She slumped back against him. “I think I’d like to lie down again.”

Miles helped Verity to lie down, plumping the pillow under her head. He settled himself at the foot of the bed, his arms crossed, his back against the bedpost, one hip on the mattress, one foot on the ground. “Rest,” he said. “Don’t worry about Rand. I’ll keep an eye on him for you.”

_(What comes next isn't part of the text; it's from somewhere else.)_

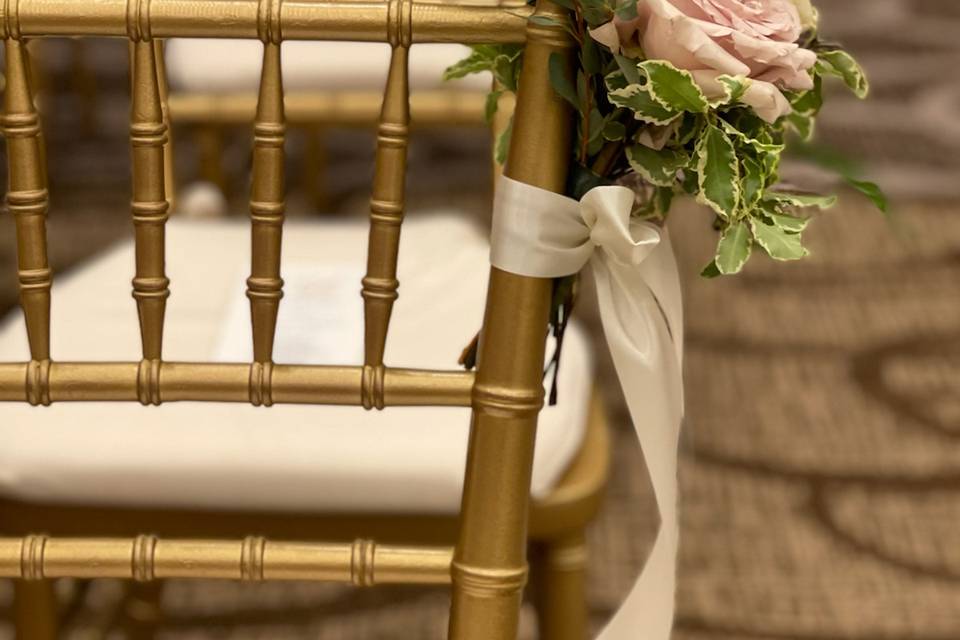 Ceremony chair decor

She wondered if there was some meaning hidden in his offer.
Do you know Rand is your son? Is that why you’re willing to watch over him? I can’t believe you haven’t noticed the resemblance. Why haven’t you said something?

“Lady Winnifred, maybe you’d like to go outside and get a breath of fresh air,” Miles suggested.

“I don’t—”

“You don’t want to make yourself sick,” Verity said. “Rand will need you when he regains consciousness.”

“I guess I could use a breath of air,” she said as she rose from her chair.

Neither Miles nor Verity said a word until the door closed with a resounding
click
behind her.

“Is Rand my son?”

Even though Verity had fully expected the question, her heart skipped a beat.

“Is he?” Miles demanded, his voice slicing through the air between them. “Answer me, damn it!”

“Yes! Yes, he’s your son.”

Miles gave a strangled cry of anguish. His head
dropped back against the bedpost, and he covered his eyes with his arm.

“I didn’t know,” she said, struggling to sit up, pleading for understanding. “I didn’t know I was pregnant when I married him.”

His hand came away from his face, and she was frightened by the mask of rage that confronted her. “How could you not know?”

“I thought my courses were late because I was so unhappy, because—”

He snorted rudely, cutting her off. “Don’t bother lying,
Verity.

“You have to believe me, Miles.”

“Why didn’t you ever send word to me? Why didn’t you find a way to let me know? All these years when I could have known him … Wasted!”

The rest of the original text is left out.